Latest comments
- I see both sides of the argument. He is a tour rider purely unlike Pog. I think that is what people see as the issue. He is a quiet family man who probably still has flashbacks from his horrendous crash in Basque country. His PR team could do more bit the results speak for themselves .
- Sour grapes from sprinters teams. If they were that worried they should have kept the break in check from the start.
- I just find it a little hard to believe that an entire peloton (which will also have several bikes in front of it) can't collectively use less energy than a breakaway group - unless the chasing teams are not sharing the workload fairly, and just letting one team sit in the wind burning through it's members, while the breakaway works turns effectively.
- totally disagree. first, your framing (i and others said in real time ...) lends your opinion about as much credibility as any other contrasting opinion by whoever. fact is, with 40 km to go they had less than 2 min to the leaders. normally a piece of cake, a done thing, an easy catch for the peloton. second, i saw several teams pacing at this point in the peloton, lidl-trek, quickstep, rose rockets, just to name a few. they burned most of their sprint trains until 10 km to go, which obviously does not happen if they are not working. it actually usually never happens because then there are no sprint trains left for the finish. i cannot think of any other reason how this can happen if not something odd (e.g. 'motopacing') going on in the front. but maybe your hypothesis of a lame excuse and no work in the peloton is more reasonable ...
- I and others said in real time that the sprint teams were not getting it right. They had a bit of second-group syndrome going on ("no, YOU chase"), and Decathlon in particular was nearly invisible. They might have gotten away with it, but the 4 guys in the break kept working until the very end, even got a lead out from the team that had two riders up front. That is why they won, not the moto.
- I think that it's far too easy to label these riders as whiners or complainers making up excuses. These are professionals who know a thing or two about what it takes to chase down the break, and I think that they have a valid point. I've seen numerous races where the leading rider(s) have a motorcycle directly in front of them, trying to get that perfect shot, but it does create a draft as well as a slightly unfair advantage.
- It is the lamest of excuses.
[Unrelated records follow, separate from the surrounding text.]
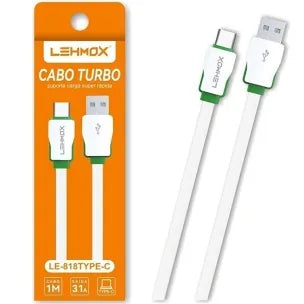 Cabo USB Para Tipo C Turbo 3.1A 1M Lehmox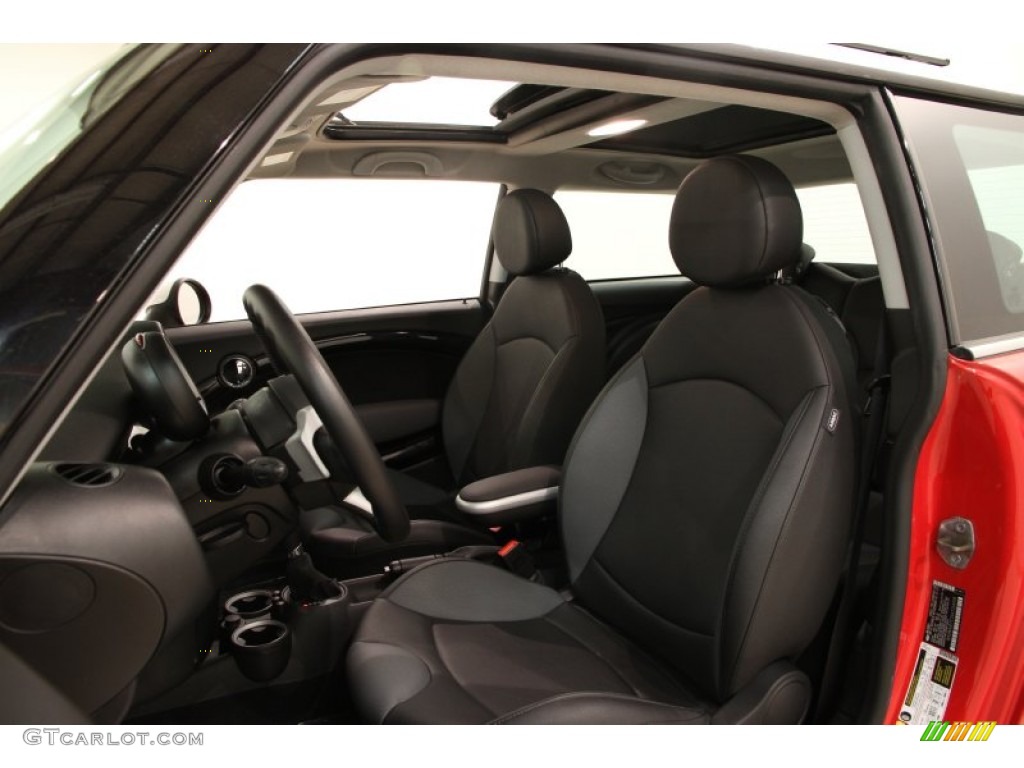 2010 Cooper S Hardtop - Chili Red / Grey/Carbon Black photo #6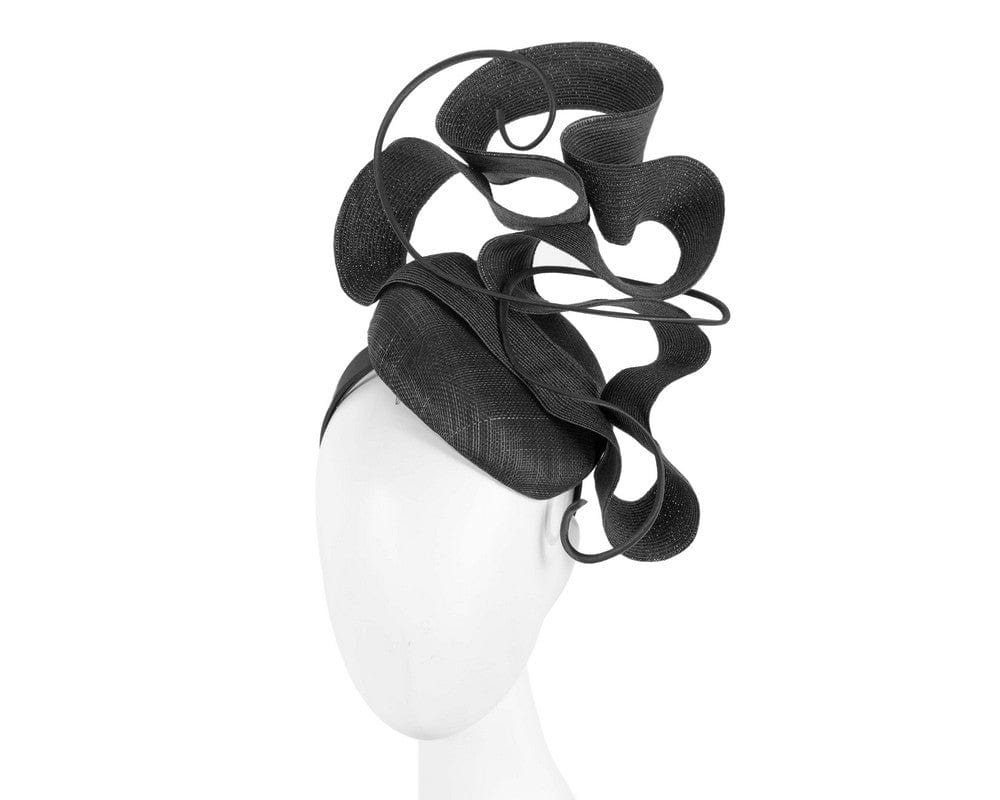 Cupids Millinery Women's Hat Black Black designers racing fascinator by Fillies Collection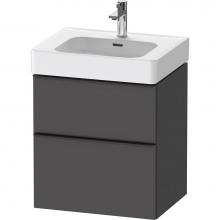 Duravit DE4376049490000 - D-Neo Vanity Unit Wall-Mounted Graphite Matte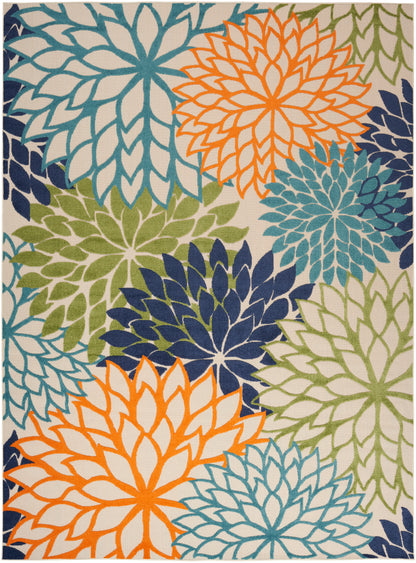 Nourison Home Aloha ALH05 Multicolor Contemporary Power-loomed Rugs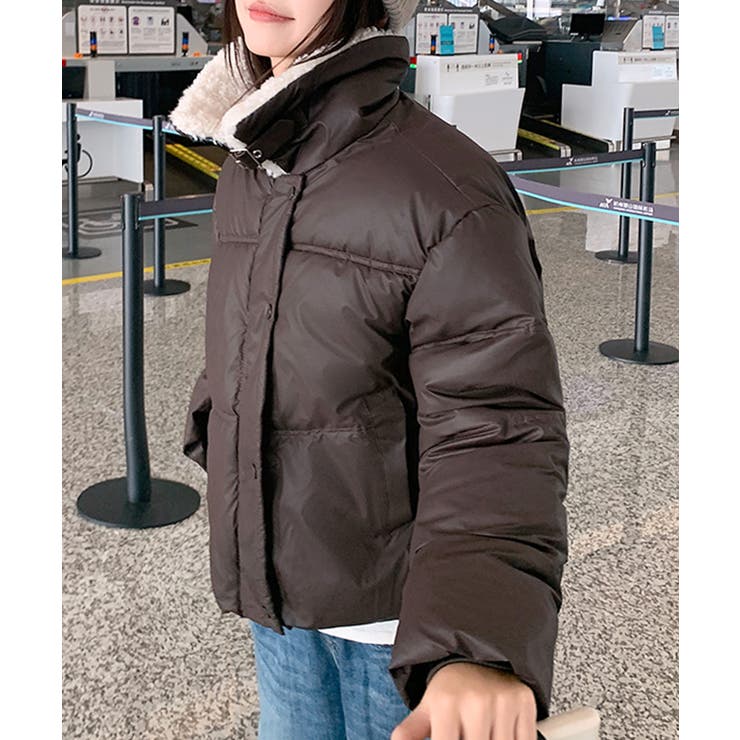 襟ボア中綿ジャケット ブルゾン ダウン | Riff | 詳細画像36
This was lost by a group of sprint teams that chose not to work when the time came, and won by a breakaway that continued working right to the end. Yes, there were motos ahead of the lead riders; there were also motos ahead of the chasers and everywhere else. That is true of every race, and nothing that happened today was meaningfully different from any other race. The top teams just got it wrong, and paid for it when the break didn't come apart.
- Between Milan and Groenewegen, whoever is not on the top podium step for the day's stage in Rome, will have some explaining to do to their sponsors.
- Remco wears his emotions on his sleeve. Like him or not he’s a genuine article
- Between Milan and Groenewegen, whoever is not on the top podium step in Rome, will have some explaining to do to their sponsors.